DATASET EXCERPT:

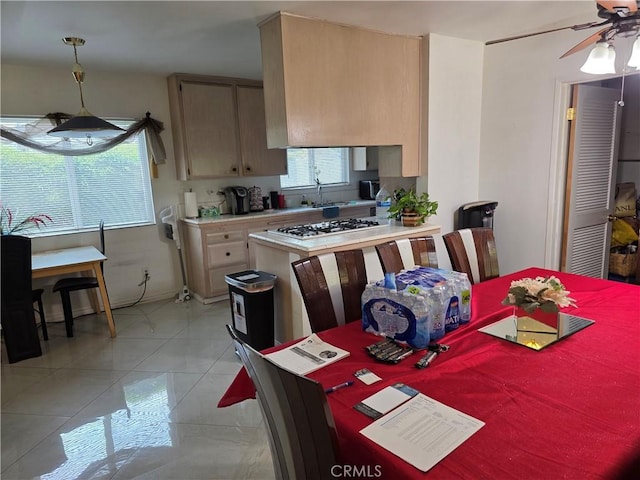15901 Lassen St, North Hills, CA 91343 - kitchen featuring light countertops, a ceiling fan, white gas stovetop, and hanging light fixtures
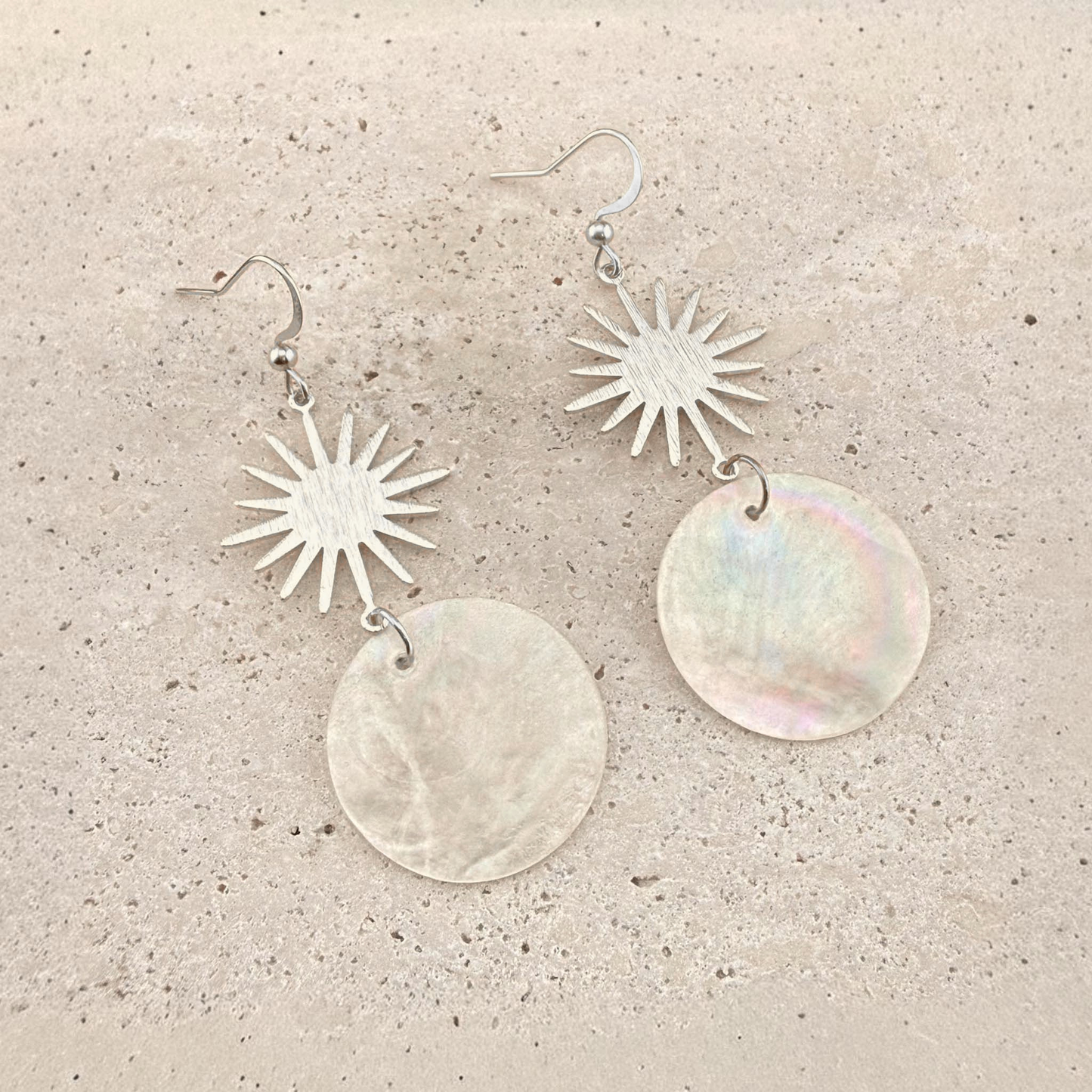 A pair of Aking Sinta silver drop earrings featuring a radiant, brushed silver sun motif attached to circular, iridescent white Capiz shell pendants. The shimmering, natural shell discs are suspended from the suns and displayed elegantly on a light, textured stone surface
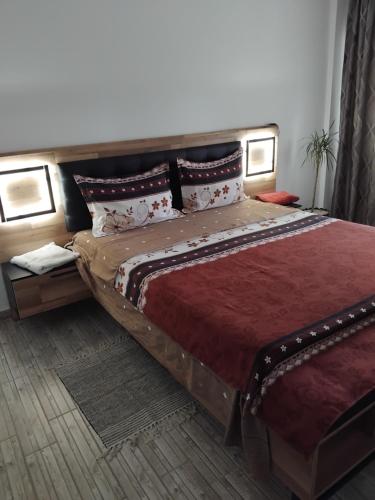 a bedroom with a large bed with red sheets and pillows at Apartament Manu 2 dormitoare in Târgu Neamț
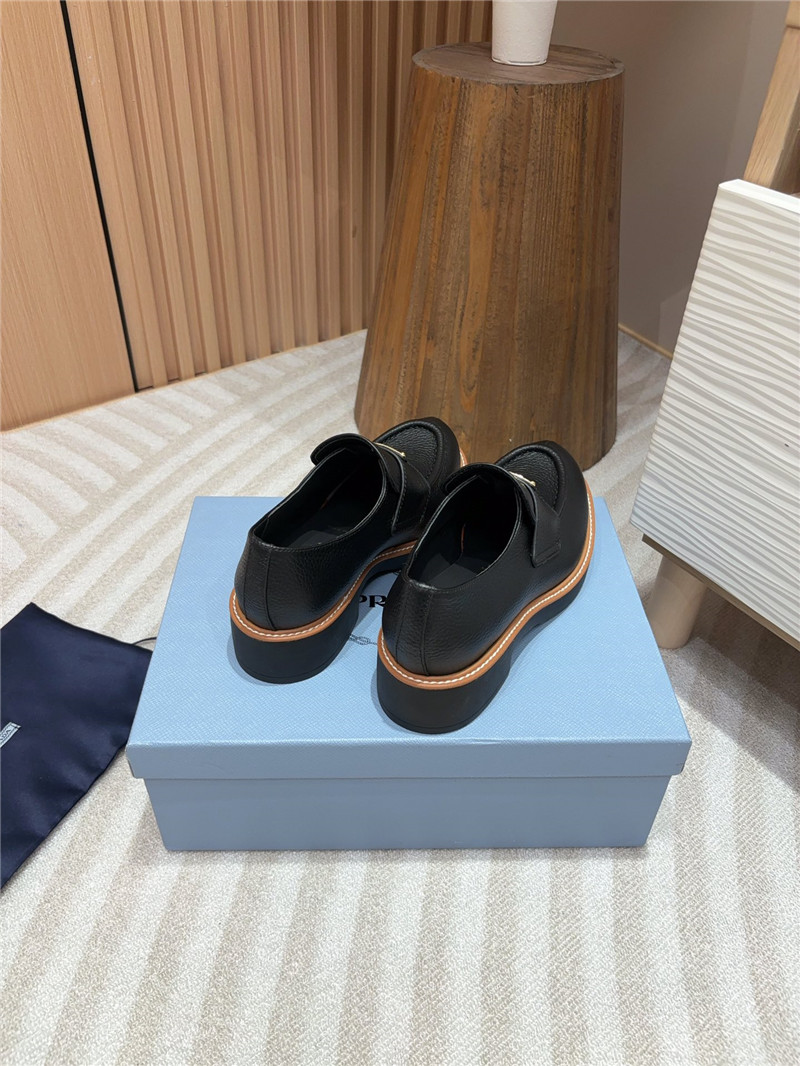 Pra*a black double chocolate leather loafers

EXERCISE DETAILS:
The listing above is to be retyped word for word, with the pictures omitted.

WRITTEN ANSWER:
15901 Lassen St, North Hills, CA 91343 - kitchen featuring light countertops, a ceiling fan, white gas stovetop, and hanging light fixtures
 A pair of Aking Sinta silver drop earrings featuring a radiant, brushed silver sun motif attached to circular, iridescent white Capiz shell pendants. The shimmering, natural shell discs are suspended from the suns and displayed elegantly on a light, textured stone surface
 a bedroom with a large bed with red sheets and pillows at Apartament Manu 2 dormitoare in Târgu Neamț
 Pra*a black double chocolate leather loafers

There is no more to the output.